The third-party defendants' motion is denied. First, the third-party defendants' argument - that the third-party action is barred in this breach of contract action because CPLR 1401 restricts contribution claims to tort actions - is flawed. CPLR 1401 states that

"Except as provided in section 15-108 and 18-201 of the general obligations law, sections eleven and twenty-nine of the workers' compensation law, or the workers' compensation law of any other state or the federal government, two or more persons who are subject to liability for damages for the same personal injury, injury to property or wrongful death, may claim contribution among them whether or not an action has been brought or a judgment has been rendered against the person from whom contribution is sought" (CPLR 1401).

The third-party defendants' characterization of plaintiff's complaint as a simple breach of contract action is incorrect. Plaintiff's first cause of action is for fraudulent conveyance under Debtor-Creditor Law (DCL) §§ 276, 278, and 279. This cause of action relates to "injury to property" as plaintiff's allegation is that the third-party plaintiffs improperly conveyed the 11 West 126th Street mortgage. Since plaintiff's complaint is not predicated solely on breach of contract, the third-party plaintiffs are not prohibited from seeking contribution on the DCL claims (see Tower Building Restoration, Inc. v 20 East 9th Street Apartment Corp., 295 AD2d 229, 229-230 [1st Dept 2002]; Masterwear Corp. v Bernard, 3 AD3d 305, 306-307 [1st Dept 2004]). As such, the third-party plaintiffs have stated a cause of action for contribution.
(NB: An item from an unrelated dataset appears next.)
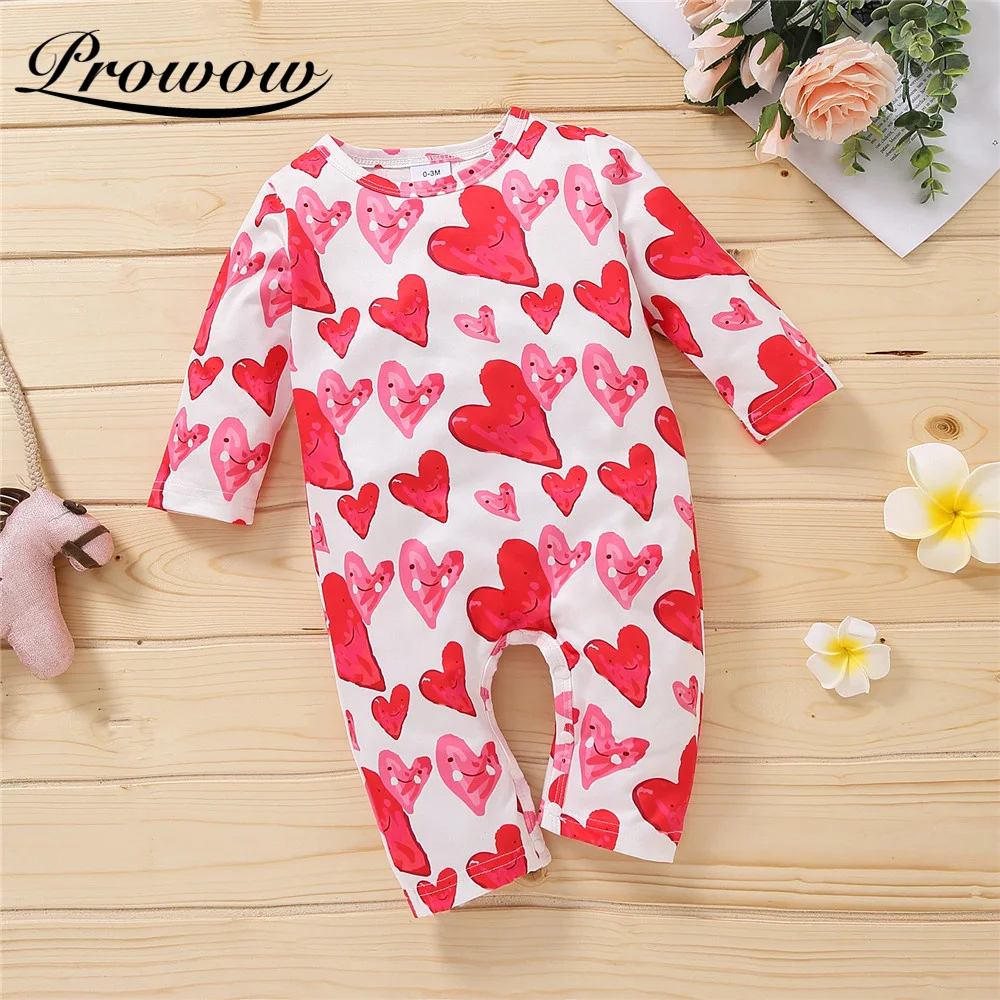 

Prowow Red Heart Baby Girl Clothes Cute Newborn Jumpsuit For Kids Toddler Baby Romper Long Sleeve Girls Baby Sleepwear Clothing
The third-party defendants next argue that the release between plaintiff and them in this matter prohibits claims for contribution pursuant to General Obligations Law (GOL) § 15-108 and CPLR 3211(a)(5). GOL § 15-108 states that "[a] release given in good faith by the injured person to one tortfeasor as provided in subdivision (a) relieves him from liability to any other person for contribution as provided in article fourteen of the civil practice law and rule" (GOL § 15-108).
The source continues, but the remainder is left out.